Anyone catch it? Was pretty funny. Essentially Marge started weight training, then started "drinking" steroids (different steroids for each body part :laugh and got hyooge. She raped Homer, entered a bbing competition and came 2nd, then declared she was going to take loads more steroids to come in first; I quote, "I didn't give up my period for 2nd place". In the end she goes crazy, destroys Moe's bar and beats up everyone in it, then Homer makes her realise what a monster she's become and she gets off the gear and they live happily ever after.

Basically it played to a few inaccurate perceptions of gear (IE you'll turn into the hulk and destroy anyone who gets in your way and also that steroids come in shake form), but it was quite funny, so I'll let them off. Anyone else see it?


----------



## YoungGun (Mar 30, 2008)

The only one iv'e seen is when millhouse is on gear and gets "roid rage" lmao.

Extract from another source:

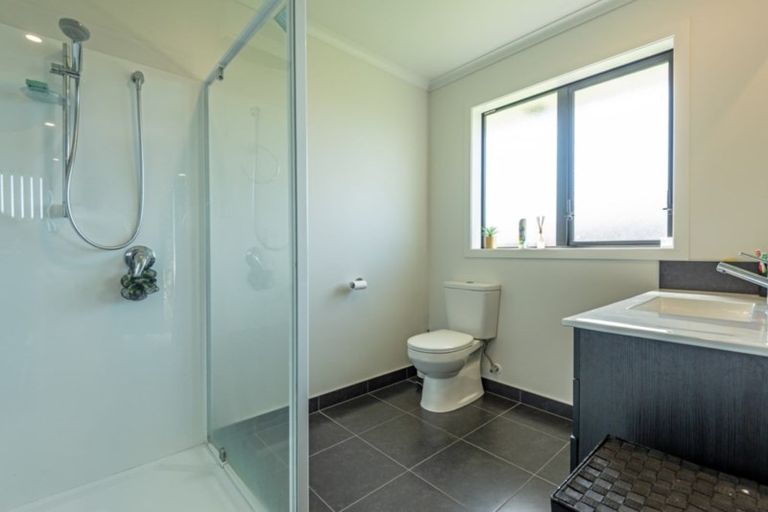 Photo of property in 191 Pacific Drive, Fitzherbert, Palmerston North, 4410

This one sounds pretty funny though:lol:


----------



## solidcecil (Mar 8, 2012)

yeah watched it bofore funny. she gets roid rage in moes and beats everybody up! haha


----------



## MXD (Jan 23, 2008)

Its my fantasy to be raped by an insainly muscular blue haird women.. I will have to check it out ..


----------



## Nelson (Mar 22, 2009)

Saw that one a few months back - sorta recognized myself in a few scenes there... :whistling:


----------



## steelicarus (Jul 24, 2011)

this one

http://wtso.net/movie/321-The%20Simpsons%201409%20The%20Strong%20Arms%20of%20the....html


----------



## Big Dawg (Feb 24, 2008)

I took the liberty of getting hold of some screens for everyone:

Marge at her show










Marge threatening Homer










Marge raping Homer










Marge after destroying Moe's bar due to "roid rage"










Link here if you want to watch: http://www.watchtvsitcoms.com/Simpsons/S14E09.php


----------



## Big Dawg (Feb 24, 2008)

Bump just in case anyone else happened to see it


----------



## Guest (Apr 16, 2009)

Yeah i saw this a couple of years ago, very typical media BS about gear but it was funny i will admit.


----------



## evad (Mar 17, 2008)

YoungGun said:


> The only one iv'e seen is when millhouse is on gear and gets "roid rage" lmao.
> 
> This one sounds pretty funny though:lol:


that ones great, the one where he keeps doing squats and goes on about the calves being the hardest part to gain mass :lol:

the marge one was great, seen it a few times, still makes me laugh


----------



## offo (Apr 10, 2006)

everytime a cartoon takes the rip out of steds it always gets posted on here without fail the simpsons family guy take the **** out of everything and exagerate everything of course its not gnna be an accurate of gear is it haha  :S Why so bothered if it is steds :S

it was a good episode but have seen it like 6 times including yesterday lol 

i think i saw an episode when stewie from family guy was on steds :S cant be 100% sure though


----------



## Mr Brown (Mar 20, 2007)

My favorite is South Park when Jimmy is taking them for the special olympics and beats the living crap out of his girlfriend. I LOVE south park haha


----------



## marclee0988 (Mar 11, 2009)

hahaha i love when homer says in the end: I miss being your burning hunk of flaby love lol


----------



## Stone (Jul 25, 2005)

cheers for the link, will watch it now.


----------



## cecil_sensation (Jan 26, 2009)

yh it was dead funny, she was a monster lol. she threw a juke box over disco's stu's head, that made me chuckle lol


----------